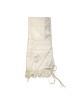 White Acrylic Tallit (Prayer Shawl) with Silver Stripes and Baroque-Pa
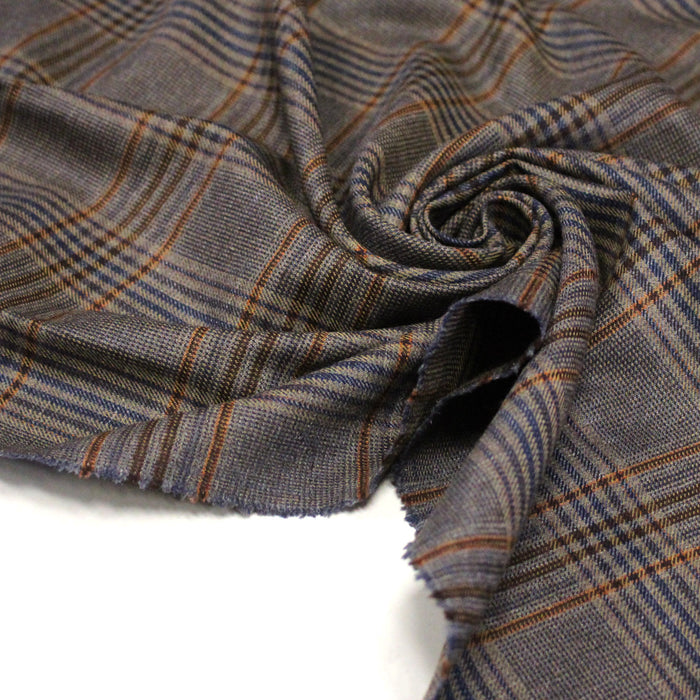 Tissu Prince de Galles taupe bleu et ocre - Fabrication italienne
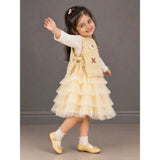 Light Green Kitty Knitted Vest & White-Yellow Ruffle Frock Winterwear 2 Pcs Set for Girls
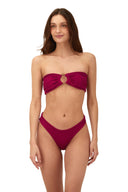 Bikini Panty Textured Wave Cast Brisa Raspberry - B21295 - Malai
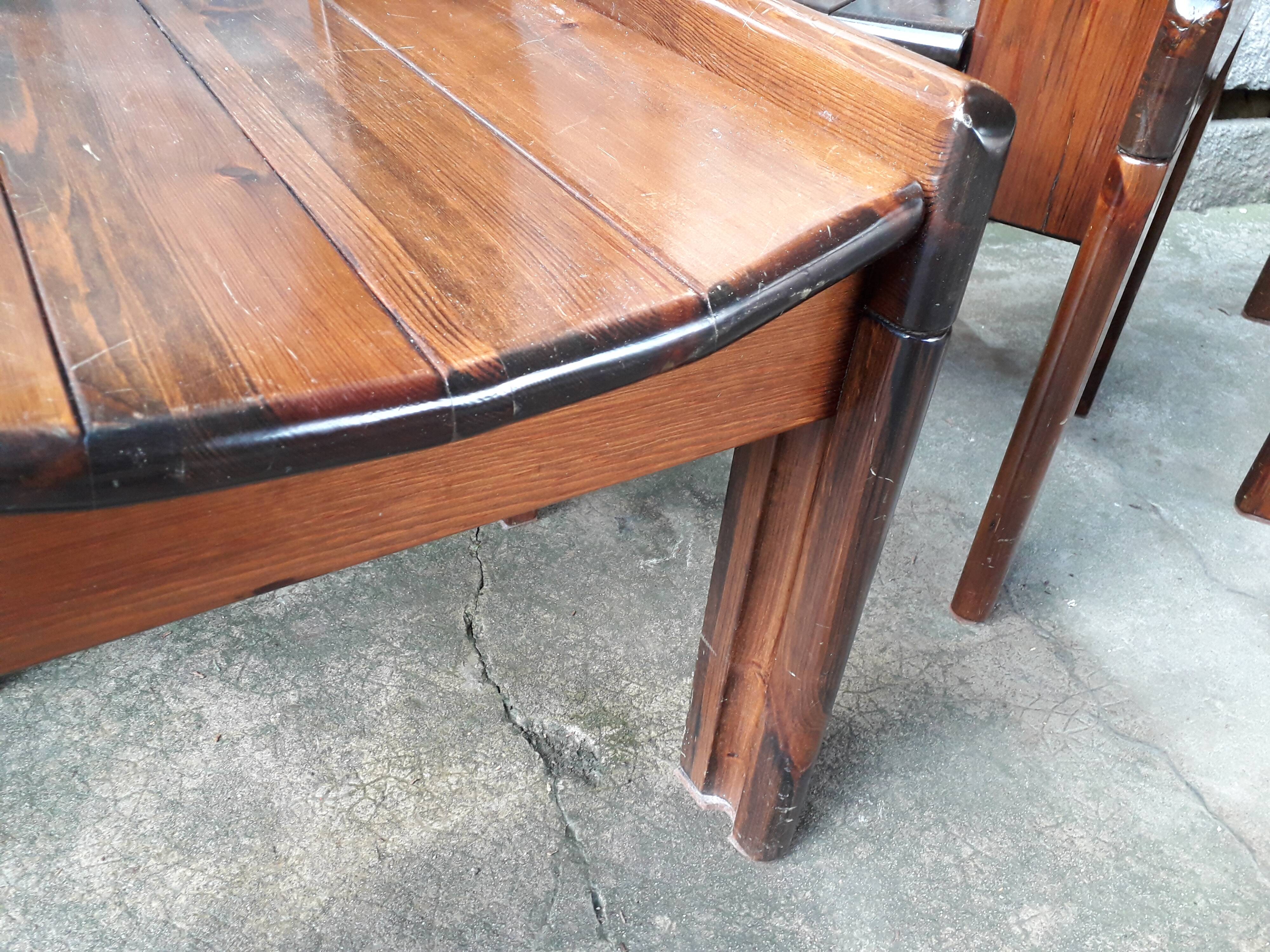 Set of 6 varnished pine chairs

● ● ● ● ●

▶ [BRIEF]: If you see a picture in the listing, skip it while copying everything else exactly.

▶ [TASK RESPONSE]:
 White Acrylic Tallit (Prayer Shawl) with Silver Stripes and Baroque-Pa
 Tissu Prince de Galles taupe bleu et ocre - Fabrication italienne
 Light Green Kitty Knitted Vest & White-Yellow Ruffle Frock Winterwear 2 Pcs Set for Girls
 Bikini Panty Textured Wave Cast Brisa Raspberry - B21295 - Malai
 Set of 6 varnished pine chairs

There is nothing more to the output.